YOUR OBJECTIVE
From the line containing "Räder Dining Mix" through the last line of the material, copy every line exactly, both ends inclusive; do not copy pictures.

RECORDED INFORMATION Start Marker

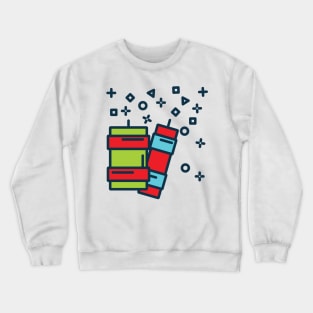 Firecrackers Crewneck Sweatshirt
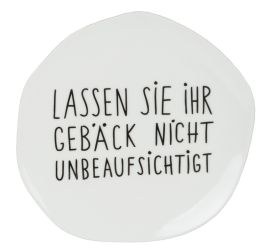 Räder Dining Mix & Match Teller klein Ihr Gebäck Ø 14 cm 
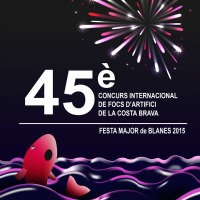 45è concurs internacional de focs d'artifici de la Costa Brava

RECORDED INFORMATION End Marker

SOLVED PROBLEM
 Räder Dining Mix & Match Teller klein Ihr Gebäck Ø 14 cm 
 45è concurs internacional de focs d'artifici de la Costa Brava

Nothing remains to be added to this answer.